Why std::get does not work with variables?

Question

I am running into a trouble of understanding how functions, especially template functions and local variables behave during the compilation time.

So this code works well with std::get:

enum class UserInfoFields{name, email, address};

using UserInfo = std::tuple<std::string, std::string, std::string>;

int main()
{
    UserInfo s{"Edmund", "[email protected]", "Denver street 19"};
    std::cout << std::get<static_cast<size_t>(UserInfoFields::name)>(s) << std::endl;
    return 0;
}

This from my understanding is because std::get is a template function and it requires a template argument to be known during the compilation. That makes sense as static_cast<... gives us the value during the compilation time.
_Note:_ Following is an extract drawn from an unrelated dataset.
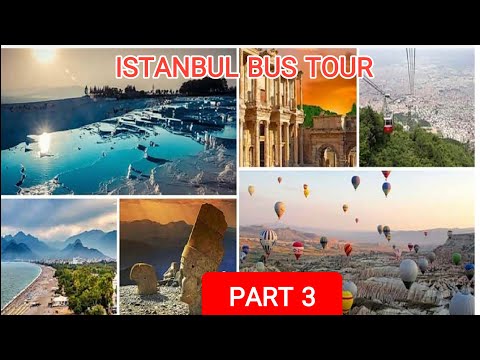 Turkey Bus Travel! Istanbul Big Bus Tour Wow! Turkish Bus Vlog! Turkish Bus Travel! Bus Vlog Turkey!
What I do not understand, if I change the main() code to this:

 int main()
{
    UserInfo s{"Edmund", "[email protected]", "Denver street 19"};
    auto a = static_cast<size_t>(UserInfoFields::name);
    std::cout << std::get<a>(s) << std::endl;
    return 0;
}

This is not allowed. I know that I have to use constexpr but I want to know, why exactly the second code does not work?

Answer 1

You wrote yourself that

std::get is a template function and it requires a template argument to be known during the compilation

The value of a local variable is not (in the general case) known during compilation; a local variable's value is a runtime property. As such, a local variable cannot be used as a template argument.

If you want to use it as one, you have to make it a compile-time value. This is achieved by making it constexpr (as you've also stated in the question).